RECORD SET ::
# # #
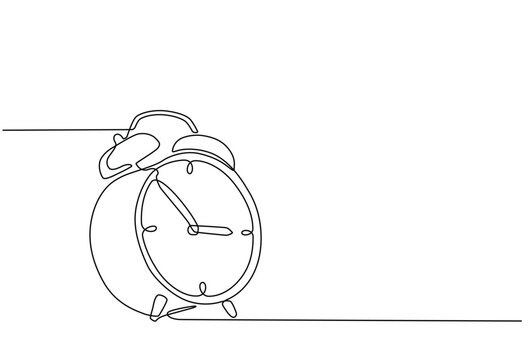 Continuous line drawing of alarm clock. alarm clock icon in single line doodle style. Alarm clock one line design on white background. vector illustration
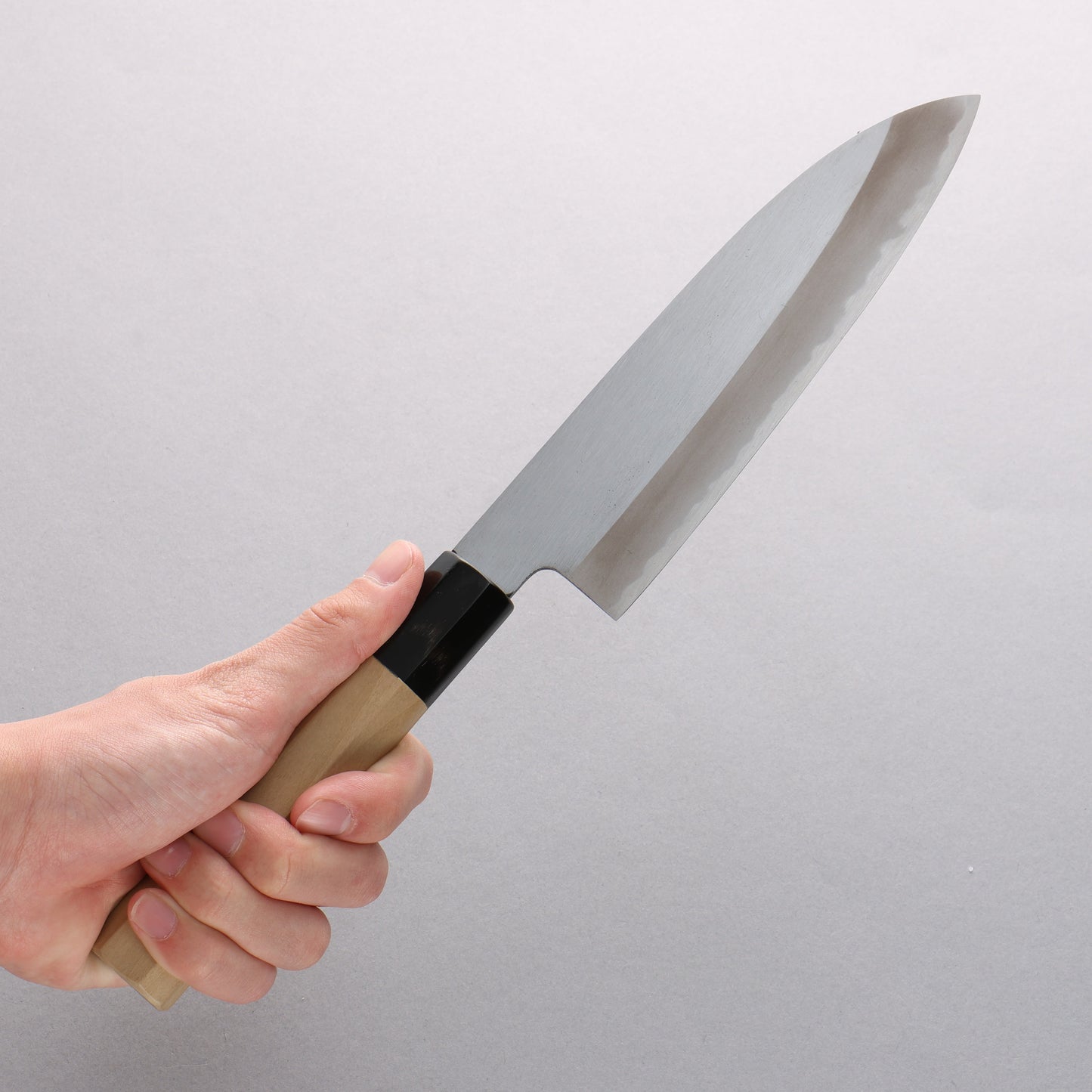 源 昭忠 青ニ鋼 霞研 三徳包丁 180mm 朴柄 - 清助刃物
# # #
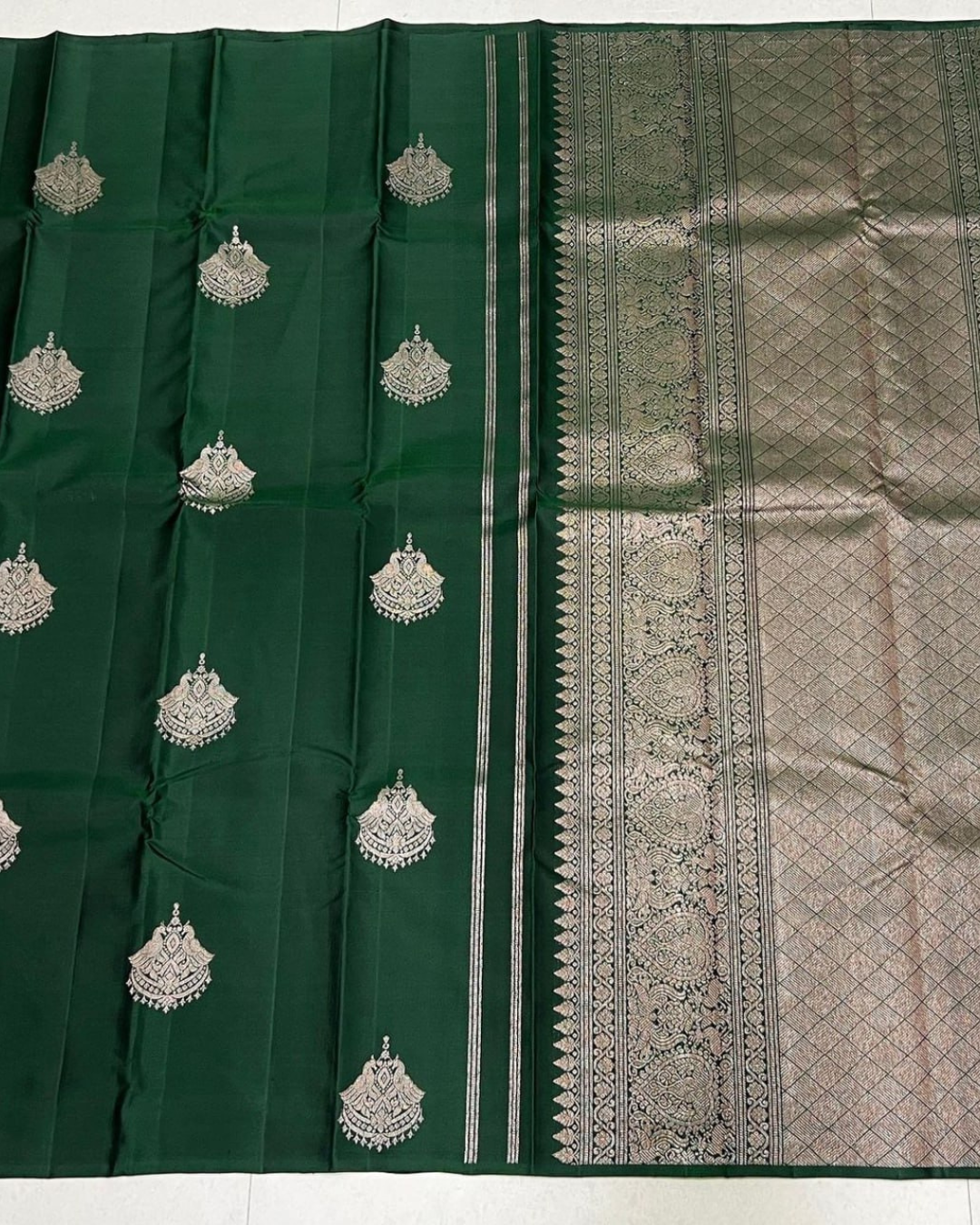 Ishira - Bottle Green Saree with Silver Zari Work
# # #
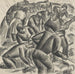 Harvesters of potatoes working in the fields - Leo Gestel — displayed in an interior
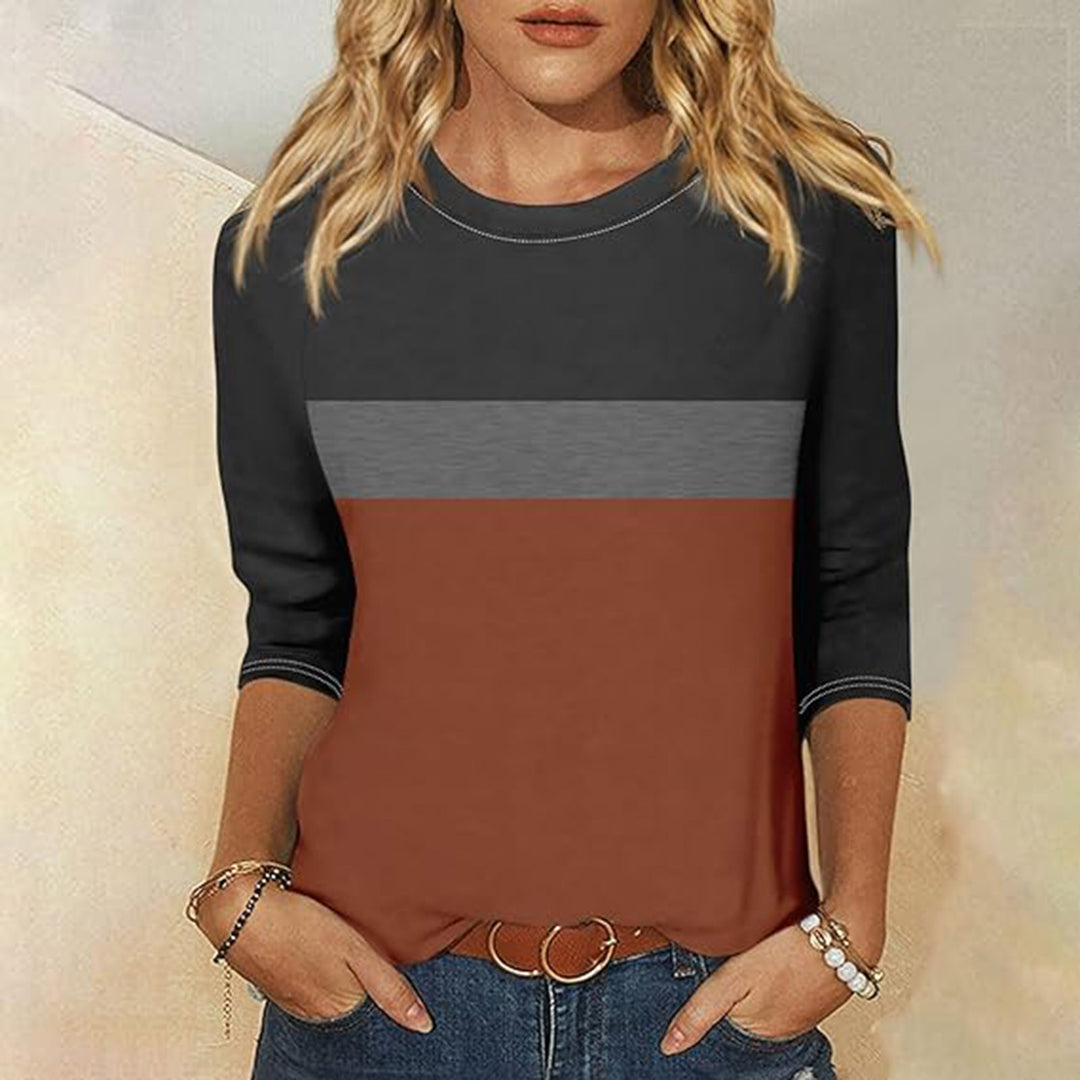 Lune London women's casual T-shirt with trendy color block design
# # #
WHAT YOU NEED TO DO :: Go back to the listing above and reproduce, exactly, the stretch from the line bearing "Continuous line drawing" through the line bearing "源 昭忠 青ニ鋼 霞研 三徳包丁 180mm 朴柄 - 清助刃物", without its pictures.

TASK OUTPUT ::
 Continuous line drawing of alarm clock. alarm clock icon in single line doodle style. Alarm clock one line design on white background. vector illustration
 源 昭忠 青ニ鋼 霞研 三徳包丁 180mm 朴柄 - 清助刃物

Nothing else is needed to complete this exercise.